Dr. McIlroy,
Much thanks for this! If you don't object, I will add this note to the
repo as it provides insight into the wherefores of the package.
At this point, I must also give credit where credit is due:
* Chet Ramey, who suggested that I ask Russ Cox to take a look at the package,
* Russ Cox, who fixed the major problems and got all the tests to pass,
* Rares Aioanei, who volunteered to tackle fixing things but did not get
to do so before Russ beat him to it.
As implied by the above, the package is now up-to-date and functional!
I hope it's of interest to the broader community.
My own reason for seeking this out is that I have (likely vain) hopes
of one day finding a better regex package to use for gawk. But
regular expressions are interesting in their own right. Russ Cox has
a series of papers on his web site about them that are worth reading.
Finally, thanks again to Dr. McIlroy for humoring me and giving me
his code to play with.
Arnold
Doug McIlroy <doug(a)cs.dartmouth.edu> wrote:
Why would anyone be interested in an old regex package
that never was
a part of any Unix distro?
The driving force was Posix, whose regex spec was quite inscrutable. Could
there be a reference implementation? It was easy to fool every
implementation I could get my hands on, including Gnu's over-the-top
9000-line implementation.
But as I got into it, I got fascinated by regexes per se. In making a
recognizer, there's a tradeoff between contruction time and execution
time. Linear execution can be achieved, but at a potentially exponential
cost in construction time (and space).

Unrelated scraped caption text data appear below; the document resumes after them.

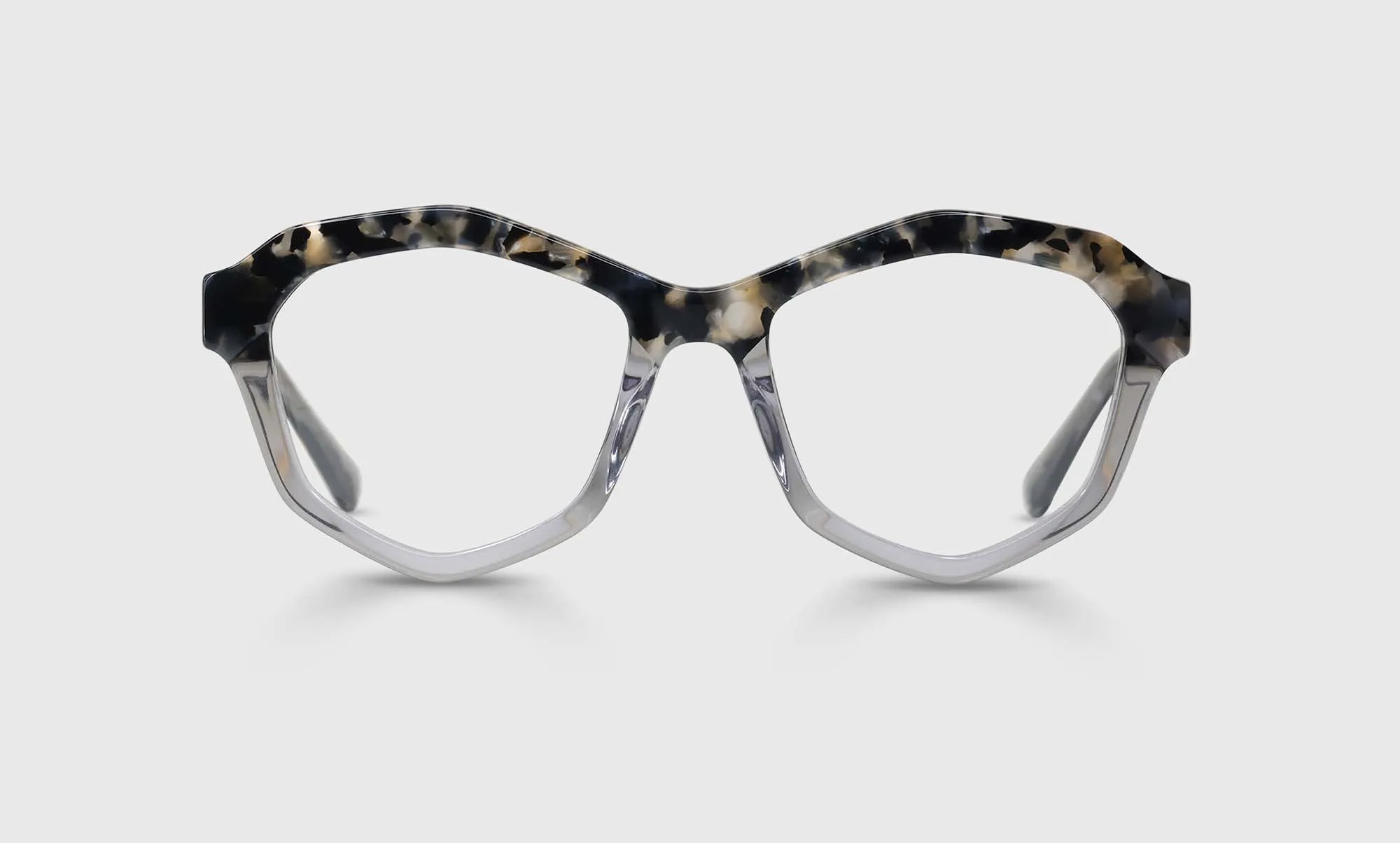 Eyebobs Tough Nut Sunglasses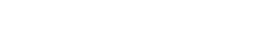 賞状書士ツール
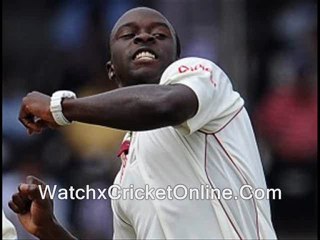 watch now full test match highlights of Pakistan Vs West Indies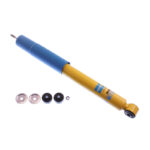 Bilstein B6 4600 Series Shocks 24-184915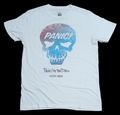 Suicide Squad Shirt Hoodie, Sweatshirt | FlexRushtees.com
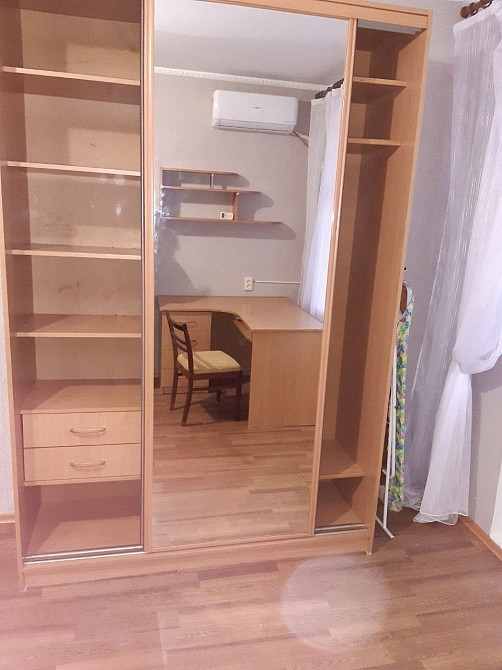 Сдам 1 Комн. Кв На Ак. Королева / Рынок " Южный " Одеса - зображення 8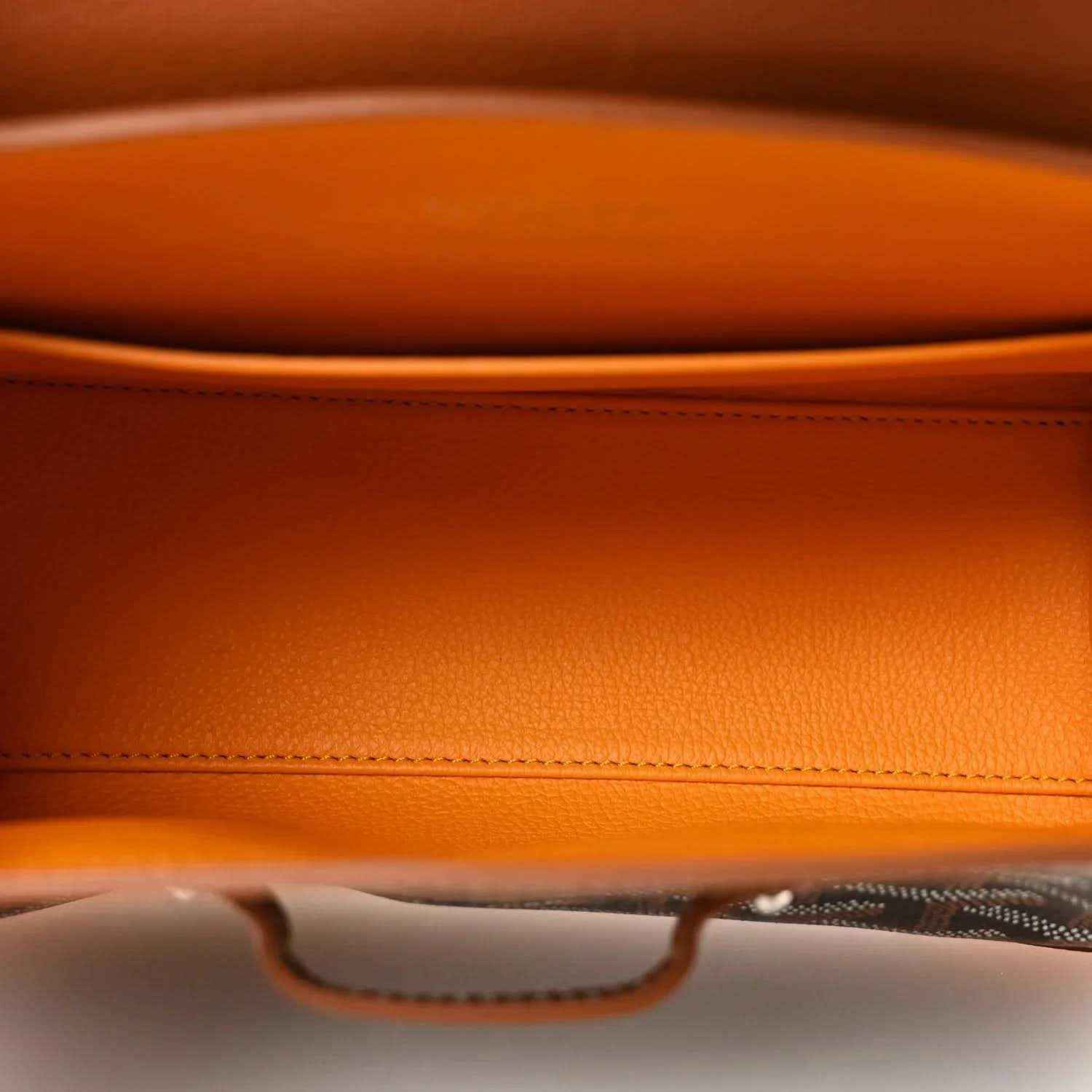 bea0d9e583c507e371b71fe67b85f965 - NEESTRA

Backreferencing takes the regex
languages out of the class of regular languages.
Recalling that regular languages are closed under intersection and
negation, I wondered about how to implement new regex operators, &
and -. I came up with a scheme for this optional non-Posix feature that
involved layering continuation-passing over more traditional methods. And
while I was at it, I broke out smaller sublanguages for special treatment
(as does Gnu), all the way down to Knuth-Morris-Pratt for expressions
in which the only operation is catenation.
And finally, having followed the development of C++ from its infancy,
I wanted to try out its new template facility, so there's a bit of
that in the package, too. Arnold has discovered that not only has C++
evolved, but also that without the discipline of -Wall to force clean
code, I was rather cavalier about casting, both explicitly and implicitly.
The only real customer the code ever had was the AST project, which
translated it to C. After the C++ had sat idle for a half-dozen years, I
thought to revive it in Linux, but found it riddled with incompatibilities
with that new environment and gave up. Arnold deserves a citation for
bravery in pushing that through 15 years further on.
Doug